Quiconque diffuse ces commentaires même s’il n’est pas l’auteur peut également être poursuivi. C’est le cas de la personne qui partage les informations ou les propos dénoncés.

Le texte ne distingue pas si vous êtes l’auteur ou non, mais le juge peut en tenir compte lors de la détermination de la peine.

Niger Inter: Il y a une tendance croissante vers la tolérance zéro pour la diffamation. Pour les journalistes en principe, l’infraction de diffamation ne devrait pas conduire un collègue en prison selon l’ordonnance 035 de 2010. Que répondez-vous?

Me Souleymane SEYDOU : A la lecture des dispositions des articles 49 à 56 de l’ordonnance n ° 2010-35 du 04 juin 2010, relative à la liberté de la presse, les juges ne peuvent appliquer que des amendes.
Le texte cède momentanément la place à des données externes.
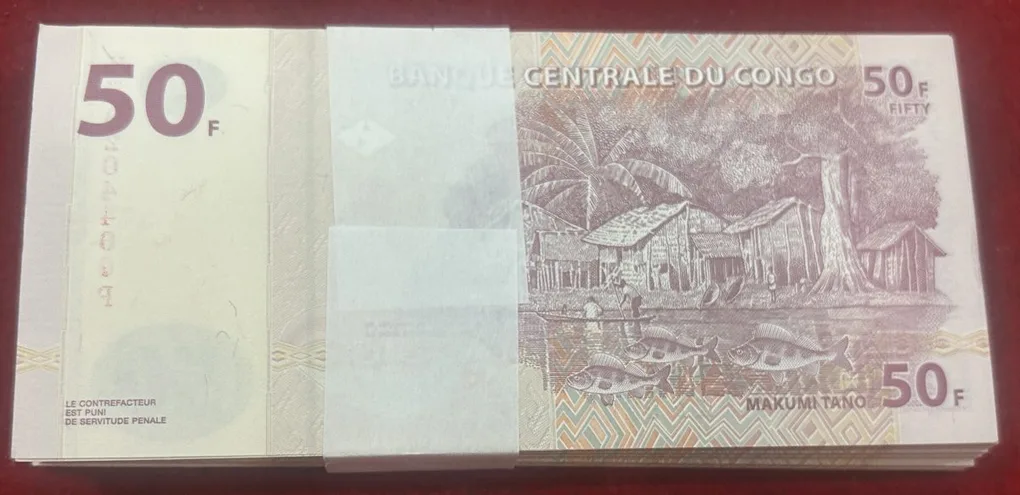Congo 50 Francs full seriel wise 100 note gem UNC packet note buyer will receive 1 packet different serial number packet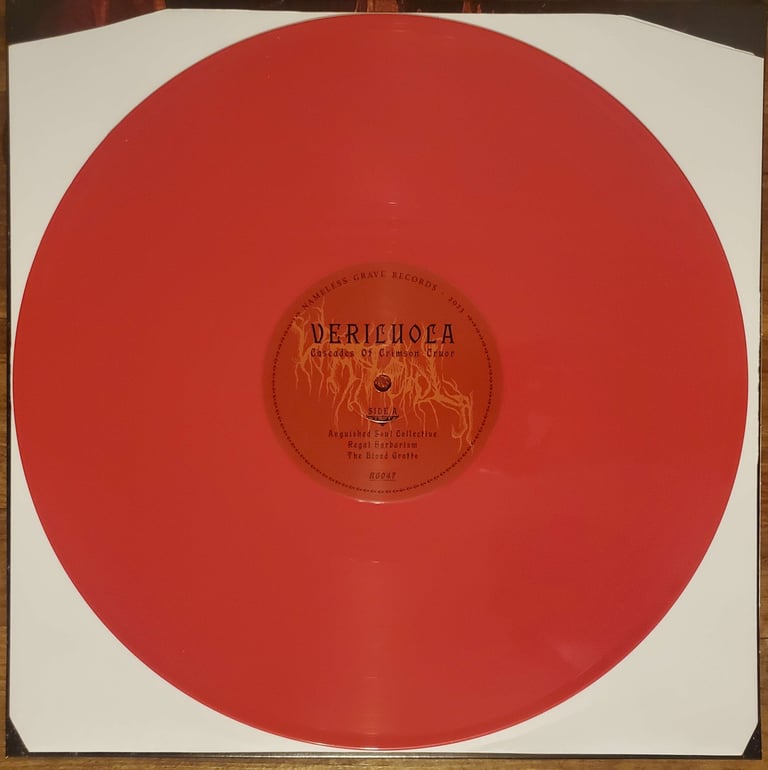 Veriluola - Cascades of Crimson Cruor LP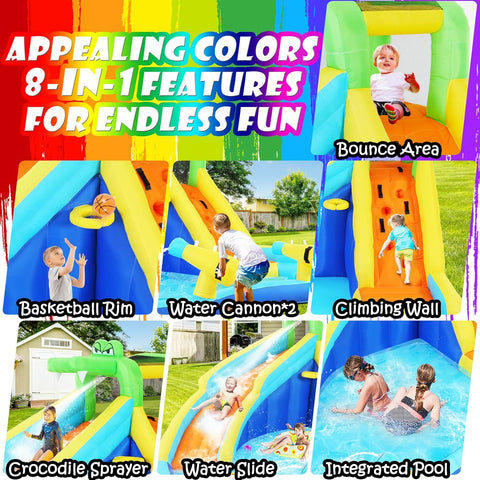 Akeydiy Inflatable Water Slide Park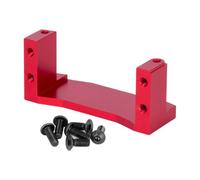 Accessori Mejoras RC para Tamiya para TT02 54977 1/10 CNC Soporte De Base De Montaje De Servo De Aluminio Piezas De Actualización De Coche RC Accesorios De Repuesto(Red)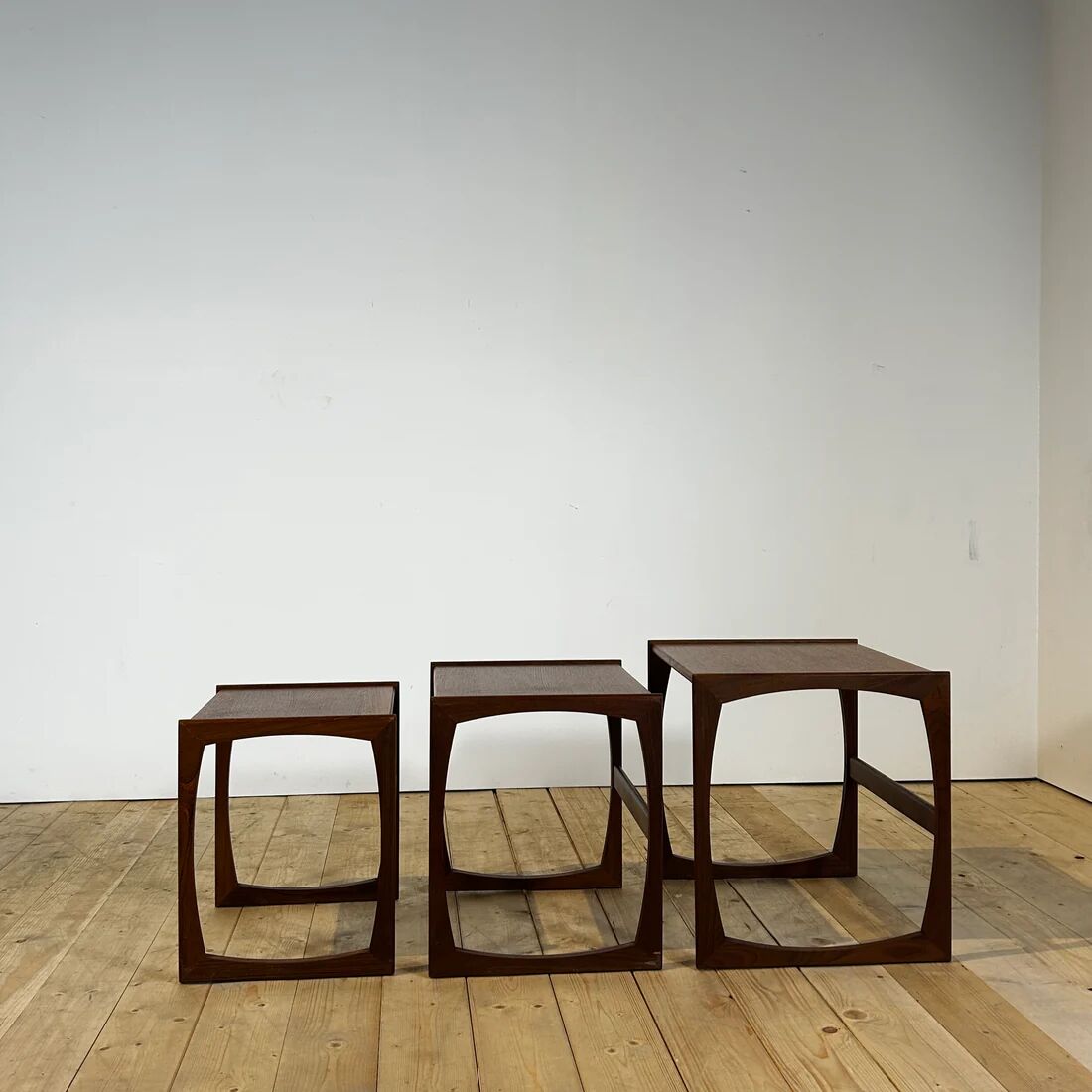 Nested tables Quadrille in teak G Plan, 1960s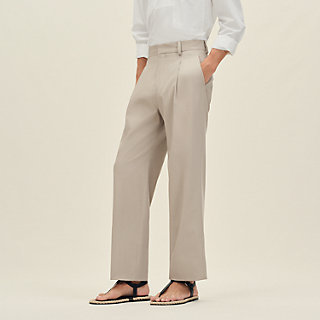 Pleated Palerme pants | Hermès Hong Kong SAR
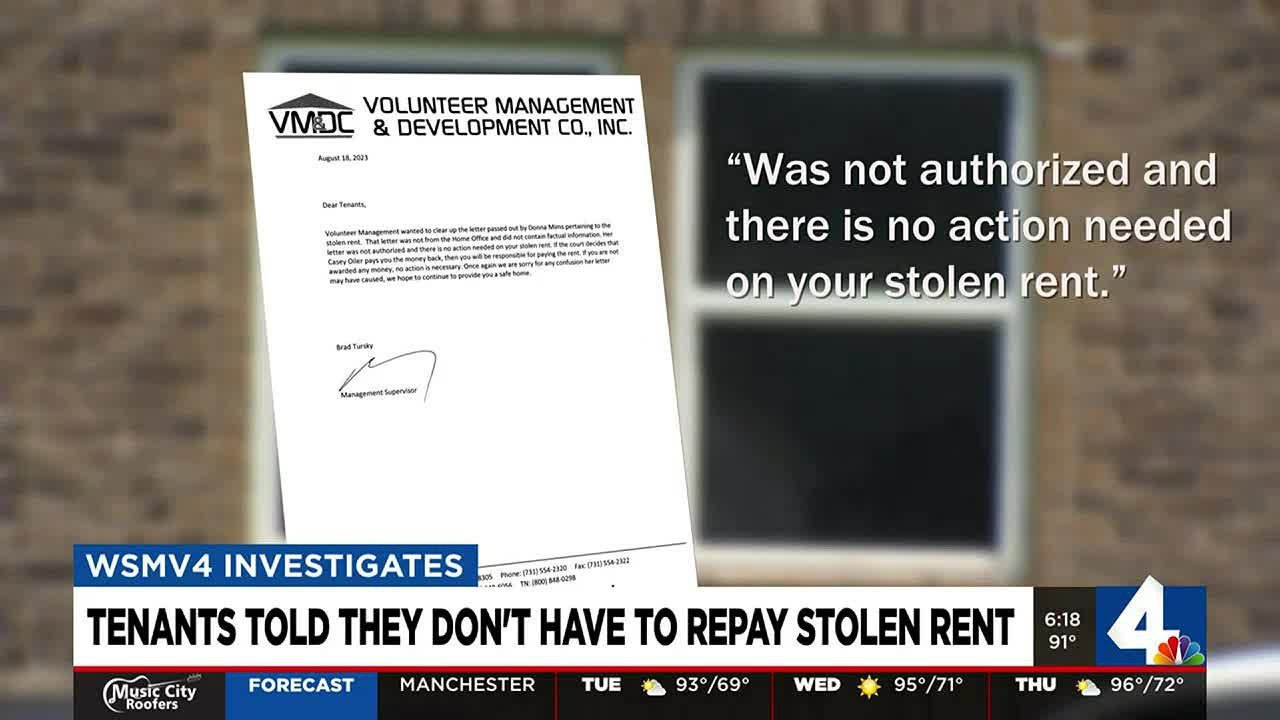 Tenants told they don't have to repay stolen rent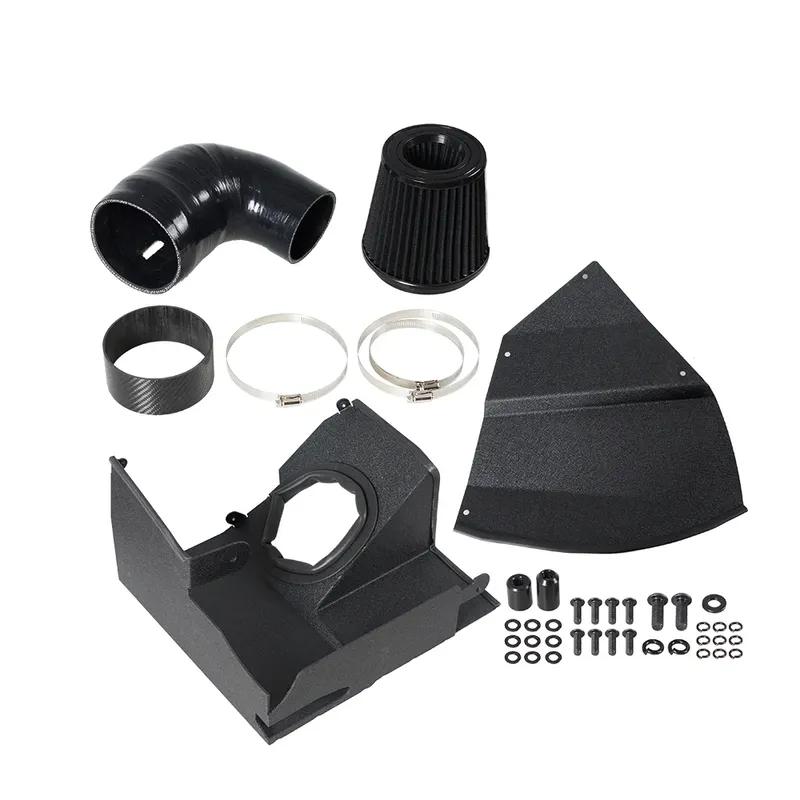 Hot  Tube Intake Pipe Kit Black Cold Air Filter System Engine Parts Car Air Intake Duct Tube For BMW G20 G21 320I 330I Aluminium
Il s’ensuit que pour le délit de diffamation et d’insulte commis par la presse, le journaliste ne peut être condamné à une peine privative de liberté (Prison). Cependant, une distinction doit être faite entre la peine infligée par le juge et la garde à vue dans le cadre de l’enquête préliminaire.

Niger Inter: Et qu’en est-il du cas des non-journalistes en cas de diffamation?

Me Souleymane SEYDOU Aux termes de l’article 61 de l’ordonnance susmentionnée: “Les personnes suivantes seront passibles, en tant qu’auteurs principaux, de la répression des délits et délits commis par la presse, dans l’ordre suivant: directeurs de publication ou éditeurs … sinon écrivains ; à défaut des auteurs, des imprimeurs; à défaut, imprimeurs, vendeurs, distributeurs et affiches. “

Si l’infraction de diffamation a été commise par voie électronique (Internet, facebook, tweeter, whatssap et autres) infraction prévue et punie par la loi sur la cybercriminalité, l’auteur est passible des sanctions prévues par ladite loi, notamment la privation de liberté en témoignent les dispositions de l’article 29 de la loi: ” La diffamation par voie électronique est passible d’une peine d’emprisonnement six (6) mois à trois (3) ans et une amende d’un million (1 000 000) à cinq millions (5 000 000) de francs CFA, toute personne qui commet une diffamation par voie électronique.